ダルクの仲間達


マサヒロ

 自分が初めて使い始めたのは20歳の夏ごろでした。インターネットで買ったサルビアという、当時合法ドラッグと呼ばれていたハーブでした。それから程なく大麻と出会いました。

 初めて大麻を使ったときは、全身の緊張がほぐれていく感じがして、とても心地よかったのを覚えています。「大麻がずっとあれば」と思いましたが、見つかれば逮捕という恐怖がブレーキとなって常用することはありませんでした。

 22歳の頃、大学生活に疲れ果て精神科に行き、自分の本命である処方薬と出会いました。自分は小説が好きで好きな小説家の真似をして処方薬の乱用が始まりました。すぐに薬の用法、用量が守れなくなり、2週間分の薬を一晩で使ったり、病院をはしごしたり、ネット上の友達に薬をもらったり問題行動が増えていきました。大学を辞め薬を使うだけの生活になり、引きこもりになりました。ただ薬を使うだけの毎日。昼夜逆転し、自堕落な生活。自ら人との関係を拒みました。病院では「眠れない」とか「不安が強い」とか嘘をついてより多く、より強い薬を出すことに一生懸命になっていました。

 親に病院やカウンセリングの先生、ダルクへ連れていかれましたが、当時の自分にとっては大きなお世話、有難迷惑でした。

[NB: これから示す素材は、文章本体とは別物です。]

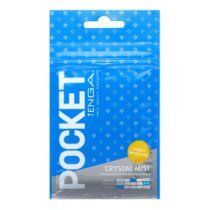 Masturbatorius „Pocket Crystal Mist“ - Tenga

そんな親の目が気になり、A型事業所へ逃げるように働きだしました。最初はまじめに通っていたのですが、次第にサボるようになりました。遅刻はもちろん、無断欠勤が続きました。それでも自分は「やっていけてる」と言い聞かせていました。

 そんな綱渡りの生活に終止符を打ったのが、去年の1月の著作権法違反でした。そこで親に「ダルクへ行け」と言われ反抗した自分は1週間薬を抜いた結果、離脱症状でてんかん発作を起こし救急車で運ばれました。ダルクに繋がりプログラムを受け、自分の生き方に問題があることを学びました。ただ生き方を変えるのは難しく、今も正直変わったとは思えません。ただ薬を使わない生活は保てています。今は睡眠薬も頓服になり自然な眠りができるようになりました。これからも回復の道を歩んでいけるように頑張ります。

タカヒロ

 私が薬物を始めるきっかけは当時結婚したいほど好きだった彼女と別れて、安定している仕事もお金もあったのに、自分は一体何のために生きているか自暴自棄になって分からなくなりました。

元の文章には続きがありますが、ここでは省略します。